ELICIA.- Abre, amiga, Elicia soy.

AREÚSA.- Entra, hermana mía. Véate Dios, que tanto placer me haces en venir como vienes, mudado el hábito de tristeza. Ahora nos gozaremos juntas, ahora te visitaré, vernos hemos en mi casa y en la tuya. Quizá por bien fue para entrambas la muerte de Celestina, que yo ya siento la mejoría más que antes. Por esto se dice que los muertos abren los ojos de los que viven, a unos con haciendas, a otros con libertad, como a ti.

ELICIA.- A tu puerta llaman. Poco espacio nos dan para hablar, que te querría preguntar si había venido acá Sosia.

AREÚSA.- No ha venido; después hablaremos. ¡Qué porradas que dan! Quiero ir abrir, que o es loco o privado quien llama.

SOSIA.- Ábreme, señora. Sosia soy, criado de Calisto.

AREÚSA.- Por los santos de Dios, el lobo es en la conseja. Escóndete, hermana, tras ese paramento y verás cuál te lo paro lleno de viento de lisonjas, que piense, cuando se parta de mí, que es él y otro no. Y sacarle he lo suyo y lo ajeno del buche con halagos, como él saca el polvo con la almohaza a los caballos.

AREÚSA.- ¿Es mi Sosia, mi secreto amigo? ¿El que yo me quiero bien sin que él lo sepa? ¿El que deseo conocer por su buena fama, el fiel a su amo, el buen amigo de sus compañeros? Abrazarte quiero, amor, que ahora que te veo creo que hay más virtudes en ti que todos me decían. Anda acá, entremos a asentarnos, que me gozo en mirarte, que me representas la figura del desdichado de Pármeno. Con esto, hace hoy tan claro día que habías tú de venir a verme. Dime, señor, ¿conocíasme antes de ahora?

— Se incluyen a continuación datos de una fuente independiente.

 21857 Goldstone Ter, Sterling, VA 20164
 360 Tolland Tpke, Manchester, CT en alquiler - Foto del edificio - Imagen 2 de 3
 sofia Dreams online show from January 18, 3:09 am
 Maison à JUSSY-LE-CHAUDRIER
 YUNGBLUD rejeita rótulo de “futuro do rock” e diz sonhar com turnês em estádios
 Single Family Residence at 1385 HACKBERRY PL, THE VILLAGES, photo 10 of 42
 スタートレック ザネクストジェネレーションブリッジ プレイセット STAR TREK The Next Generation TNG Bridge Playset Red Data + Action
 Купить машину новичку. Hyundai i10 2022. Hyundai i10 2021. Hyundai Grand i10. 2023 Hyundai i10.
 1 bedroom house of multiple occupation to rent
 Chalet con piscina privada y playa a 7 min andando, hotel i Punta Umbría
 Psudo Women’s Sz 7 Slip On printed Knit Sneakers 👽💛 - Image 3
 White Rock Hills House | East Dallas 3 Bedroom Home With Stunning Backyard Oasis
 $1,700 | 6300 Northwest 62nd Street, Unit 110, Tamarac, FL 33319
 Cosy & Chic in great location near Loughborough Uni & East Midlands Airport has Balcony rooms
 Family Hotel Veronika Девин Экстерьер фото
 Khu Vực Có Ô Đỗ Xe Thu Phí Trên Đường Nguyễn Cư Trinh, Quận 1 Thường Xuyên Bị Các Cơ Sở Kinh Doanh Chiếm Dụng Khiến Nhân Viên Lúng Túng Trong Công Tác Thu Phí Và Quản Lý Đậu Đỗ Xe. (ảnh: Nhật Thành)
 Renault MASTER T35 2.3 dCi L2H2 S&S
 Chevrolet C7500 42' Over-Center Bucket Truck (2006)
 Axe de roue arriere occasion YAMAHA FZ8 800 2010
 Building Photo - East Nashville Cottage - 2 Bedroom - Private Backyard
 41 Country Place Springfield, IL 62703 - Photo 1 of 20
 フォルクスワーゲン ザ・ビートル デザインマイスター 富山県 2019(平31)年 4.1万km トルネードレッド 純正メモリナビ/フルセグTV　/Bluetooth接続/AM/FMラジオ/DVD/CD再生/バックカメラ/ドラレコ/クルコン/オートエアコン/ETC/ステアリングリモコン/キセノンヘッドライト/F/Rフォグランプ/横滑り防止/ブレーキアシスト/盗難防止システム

SOSIA.- Señora, la fama de tu gentileza, de tus gracias y saber vuela tan alto por esta ciudad que no debes tener en mucho ser de más conocida que conociente, porque ninguno habla en loor de hermosas que primero no se acuerde de ti que de cuantas son.

ELICIA.- ¡Oh hideputa, el pelón! ¡Y cómo se desasna! ¡Quién le ve ir al agua con sus caballos, en cerro, y sus piernas de fuera, en sayo, y ahora, en verse medrado con calzas y capa, sálenle alas y lengua!

AREÚSA.- Ya me correría con tu razón si alguno estuviese delante, en oírte tanta burla como de mí haces. Pero, como todos los hombres traigáis proveídas esas razones, esas engañosas alabanzas tan comunes, para todas hechas de molde, no me quiero de ti espantar, pero hágote cierto, Sosia, que no tienes de ellas necesidad. Sin que me alabes, te amo, y, sin que me ganes de nuevo, me tienes ganada. Para lo que te envié a rogar que me vieses son dos cosas, las cuales, si más lisonja o engaño en ti conozco, te dejaré de decir, aunque sean de tu provecho.

SOSIA.- Señora mía, no quiera Dios que yo te haga cautela. Muy seguro venía de la gran merced que me piensas hacer y haces. No me sentía digno para descalzarte. Guía tú mi lengua, responde por mí a tus razones, que todo lo habré por rato y firme.

AREÚSA.- Amor mío, ya sabes cuánto quise a Pármeno, y, como dicen, «quien bien quiere a Beltrán, a todas sus cosas ama». Todos sus amigos me agradaban, el buen servicio de su amo, como a él mismo, me placía. Donde veía su daño de Calisto, le apartaba. Pues como esto así sea, acordé decirte, lo uno, que conozcas el amor que te tengo y cuánto contigo y con tu visitación siempre me alegrarás, y que en esto no perderás nada, si yo pudiere, antes te vendrá provecho. Lo otro y segundo, que, pues yo pongo mis ojos en ti, y mi amor y querer, avisarte que te guardes de peligros y más de descubrir tu secreto a ninguno, pues ves cuánto daño vino a Pármeno y a Sempronio de lo que supo Celestina, porque no querría verte morir malogrado como a tu compañero. Harto me basta haber llorado al uno, porque has de saber que vino a mí una persona y me dijo que le habías tú descubierto los amores de Calisto y Melibea, y cómo la había alcanzado, y cómo ibas cada noche a le acompañar, y otras muchas cosas que no sabría relatar. Cata, amigo, que no guardar secreto es propio de las mujeres, no de todas, sino de las bajas, y de los niños. Cata que te puede venir gran daño, que para esto te dio Dios dos oídos y dos ojos y no más de una lengua, por que sea doblado lo que vieres y oyeres, que no el hablar. Cata, no confíes que tu amigo te ha de tener secreto de lo que le dijeres, pues tú no le sabes a ti mismo tener. Cuando hubieres de ir con tu amo Calisto a casa de aquella señora, no hagas bullicio, no te sienta la tierra, que otros me dijeron que ibas cada noche dando voces, como loco de placer.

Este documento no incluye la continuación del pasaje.